_Information supplied_.
══════════

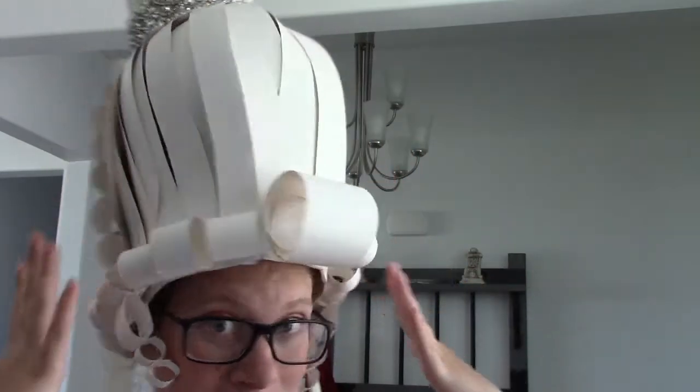Why hello, and welcome to Laura's Vendora. Today I'm going to show you how I made this beautiful white paper wig.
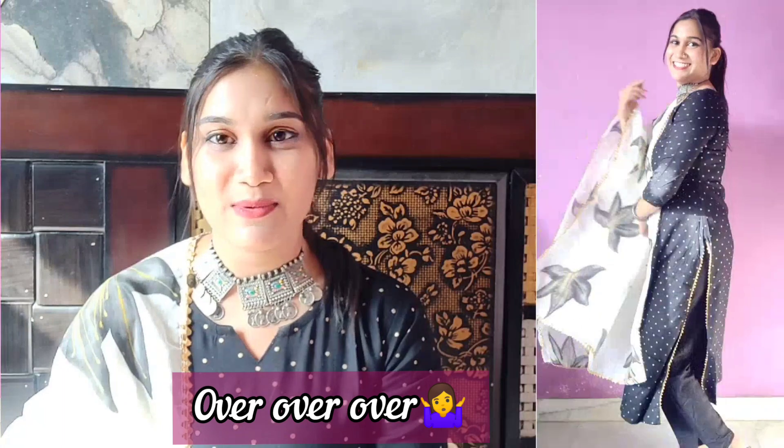I still wanted to put a bindi but I thought it might be too much. If you guys want, you can put a bindi. I didn't wear earrings either as I felt it would be excessive. Let me know in the comment section which look you like the most.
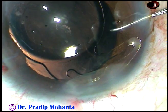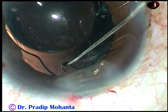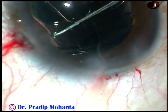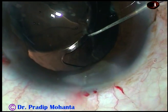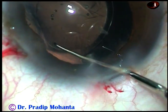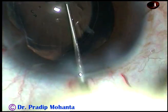Now the Sinskey hook goes through the side port. The trailing haptic is pulled towards the center and then pushed backward — that is, towards the posterior capsule — and the haptic goes into the capsular bag.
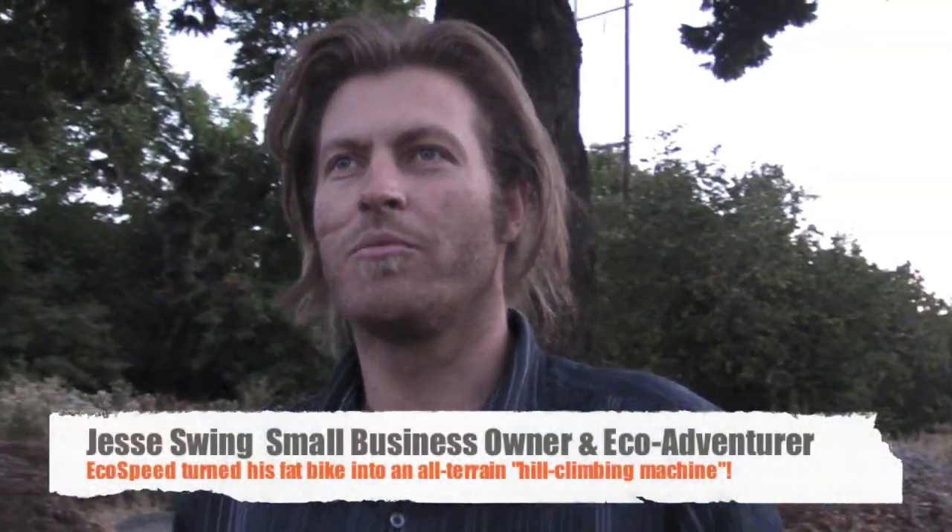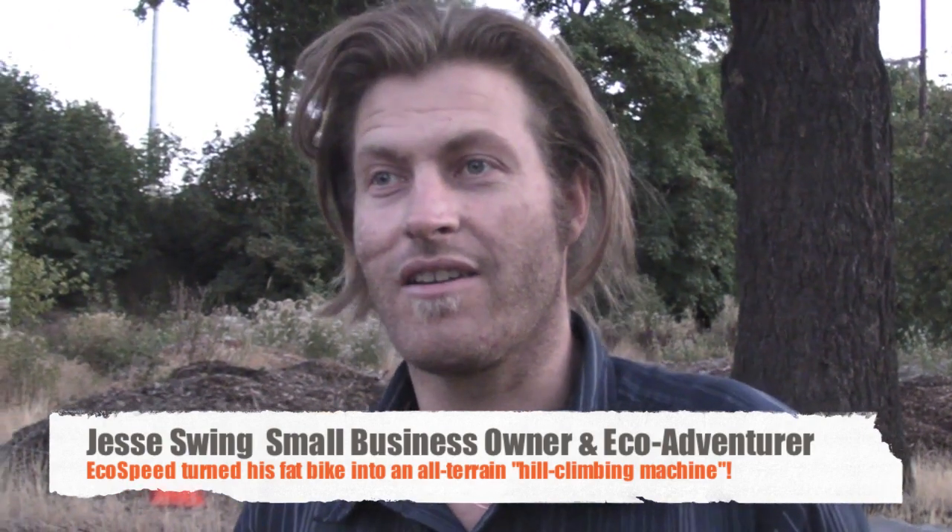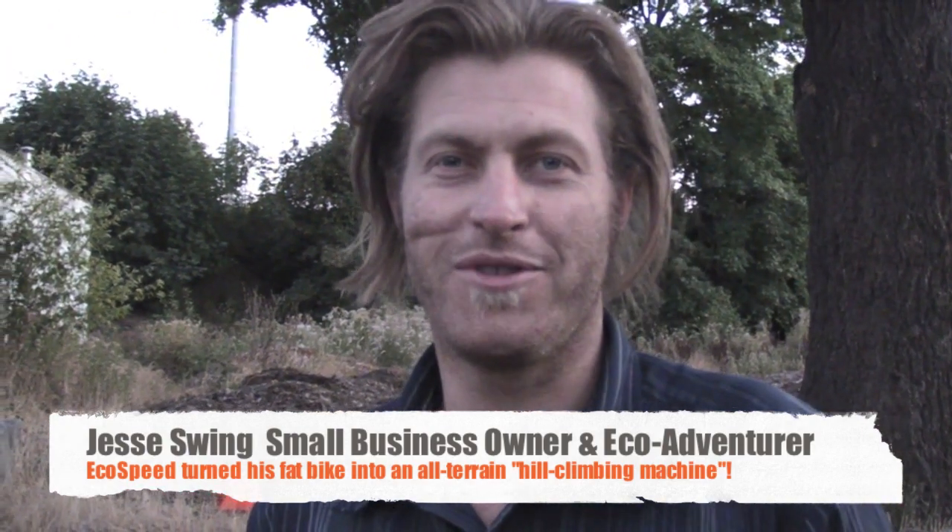My two main concerns were made in the USA and climbing hills really well. The EcoSpeed maximized all the gearing ratios so you could climb hills way better. That's exactly what the EcoSpeed is — it's a climbing machine that basically replaces a small utility car.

══════════

_What to work on_. Exclude all images and retype the data precisely.

_Written reply_.
Why hello, and welcome to Laura's Vendora. Today I'm going to show you how I made this beautiful white paper wig.
I still wanted to put a bindi but I thought it might be too much. If you guys want, you can put a bindi. I didn't wear earrings either as I felt it would be excessive. Let me know in the comment section which look you like the most.
Now the Sinskey hook goes through the side port. The trailing haptic is pulled towards the center and then pushed backward — that is, towards the posterior capsule — and the haptic goes into the capsular bag.
My two main concerns were made in the USA and climbing hills really well. The EcoSpeed maximized all the gearing ratios so you could climb hills way better. That's exactly what the EcoSpeed is — it's a climbing machine that basically replaces a small utility car.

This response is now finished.